Si è detto presentandolo e non rendendogli forse un gran servizio che Leila, ultima fatica di Alessandro Abba Legnazzi – regista e illustratore dalla vocazione intermediale, la cui carriera meriterebbe sicuramente più considerazione – ricordi alla lontana La vita è bella

In realtà il cineasta rassetta, ribalta e risemantizza l’opera di Benigni: vi innesta la traccia autobiografica a partire dal rapporto rivitalizzante tra padre e figlia (“Davanti agli occhi pieni di lacrime di mia figlia Clementina, non sapevo come rispondere alla sua domanda più grande: dov’è la mamma?") , celebra la fantasia come unico vaccino alla scomposizione familiare, ma ne asporta completamente il tremendo contesto socio-politico per votarsi alla fiaba.

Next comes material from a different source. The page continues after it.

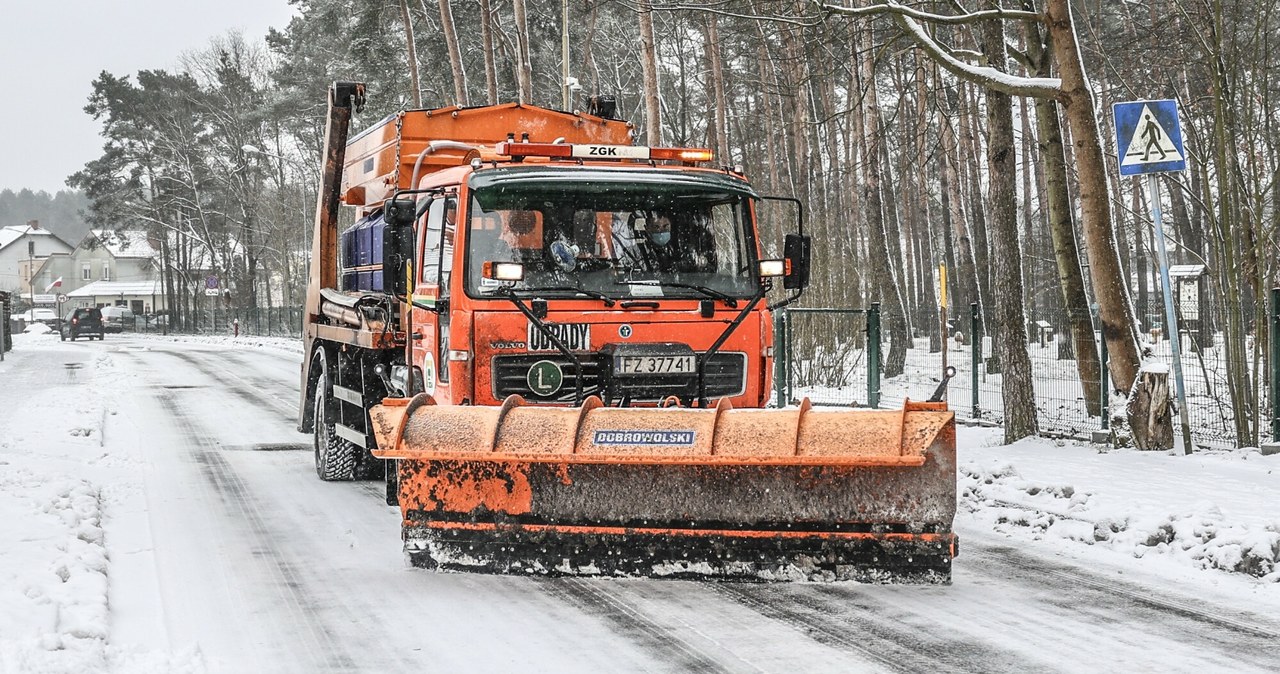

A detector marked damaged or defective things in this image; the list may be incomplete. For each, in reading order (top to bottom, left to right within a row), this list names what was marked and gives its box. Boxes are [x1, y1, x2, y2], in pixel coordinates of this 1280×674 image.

rust on plow [366, 399, 957, 583]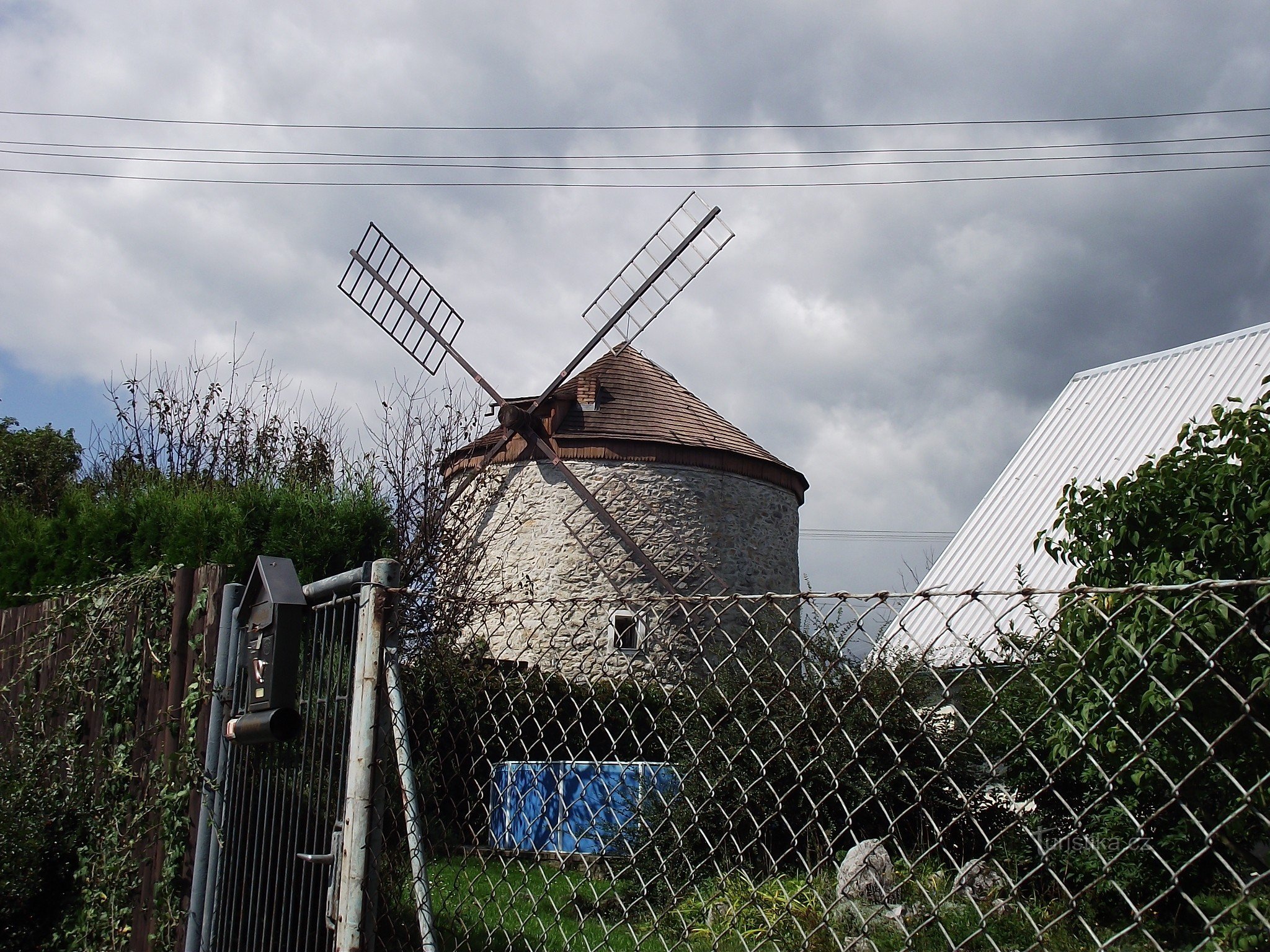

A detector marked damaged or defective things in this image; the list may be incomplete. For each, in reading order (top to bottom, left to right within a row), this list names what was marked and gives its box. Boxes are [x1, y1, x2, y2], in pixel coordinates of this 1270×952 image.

rusty wire mesh [376, 581, 1270, 952]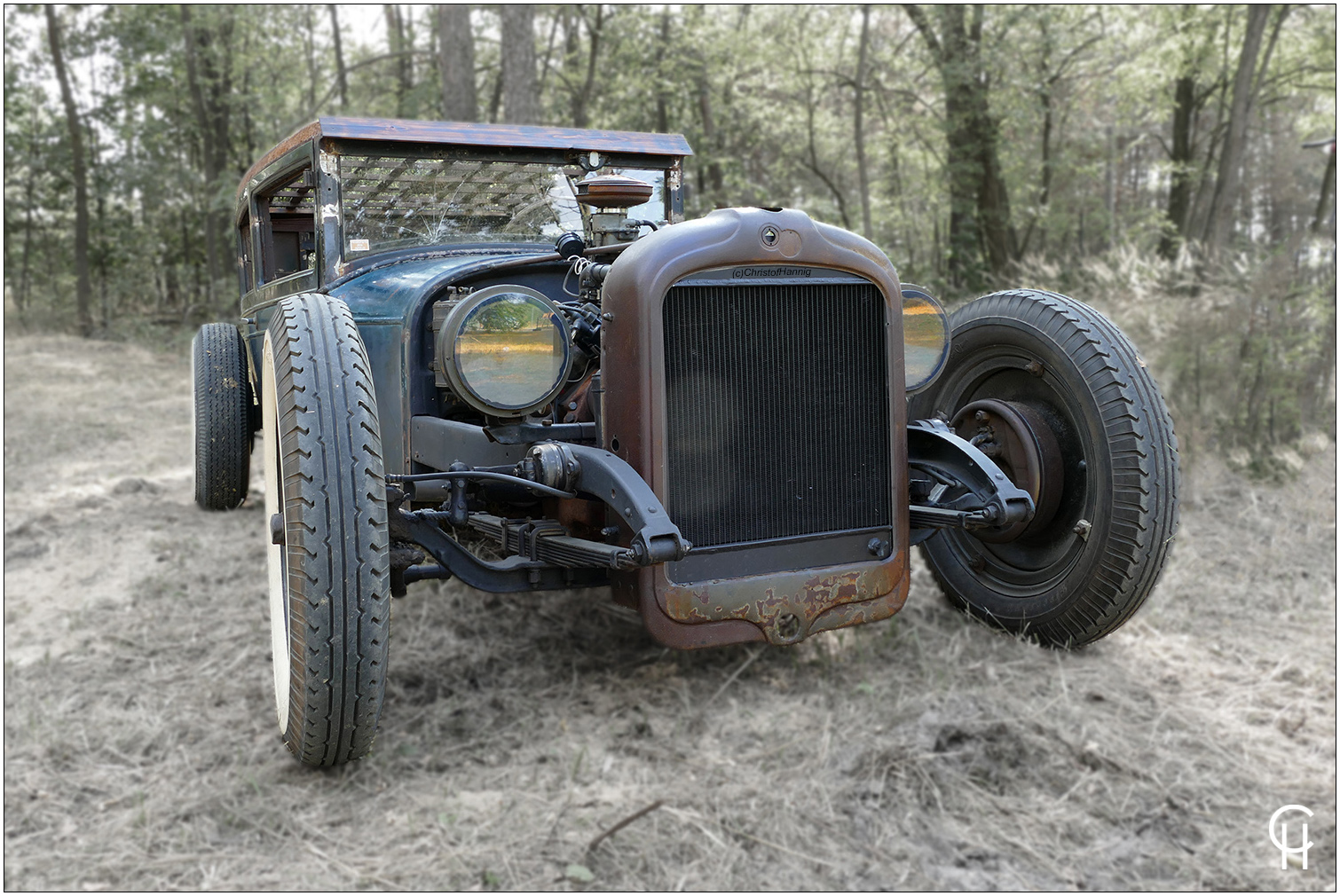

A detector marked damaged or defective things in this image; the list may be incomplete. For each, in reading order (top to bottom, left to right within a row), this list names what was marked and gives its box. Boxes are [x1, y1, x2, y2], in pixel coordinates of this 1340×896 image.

Il risultato è una lucida e intenerita cognizione del dolore, un breviario intimo, sofferto, sussurrato ma catartico sul rapporto genitoriale in spazio-tempo decontestualizzato e mitopoietico per eccellenza: un villino a piedi del bosco.

Qui, d’estate, vivono Clementina e il papà. Ma la bambina lamenta l’assenza della mamma, d’improvviso andata via. Così il genitore organizza con la figlia una spedizione tra il bosco, le montagne e il lago per strapparla alla Regina delle Acque che l’ha imprigionata per trasformarla in un essere marino.

Alternando realismo intimista, doc paesaggista e cartoon animato, Abba Legnazzi, che scrive e dirige con la figlia Clementina e l’ex moglie Giada Vincenti, compone un piccolo gioiellino low budget (producono, con merito, Start e Little Bear) sull’elaborazione di una separazione in cui tutti “perdono razionalità e credono di avere ragione”.

La camera - quasi sempre fissa e distanziata, non importa se sono primi piani o campi lunghi –  restituisce, in economia di mezzi e appannamento emotivo, tutto lo spaesamento davanti alla fine improvvisa d’un amore, all’incapacità di razionalizzarlo ed elaborarlo, alla necessità di riplasmare il reale per poterlo sopportare, all’impellenza di suturare la ferita di una bambina che improvvisamente perde il riferimento femminile, sfogando una fantasia reinventiva e alleggiante.

Ci si potrebbe dilungare sui significati intrapsichici delle figure immaginate e disegnate dal regista, ma non è questa la sede per spericolatezze interpretative.

Basti annotare che carica fiabesca e paesaggismo, creatività bozzettistica e lessico famigliare, meditazione intertestuale, acquerelli e home movies si fondono senza sovraccarichi in un passo a due intenerito sviluppato in uno spazio che è dislocamento del desiderio, aggiramento del trauma, ristrutturazione onirica del visibile.

Ne esce fuori un piccolo, composito gioiellino dal passo breve (64 minuti di durata), meditato e minimale, che potrebbe ma non cede mai al dolorismo gratuito né tantomeno al moralismo, reagendo anzi alla gravitas del presente con la leggerezza della fantasia.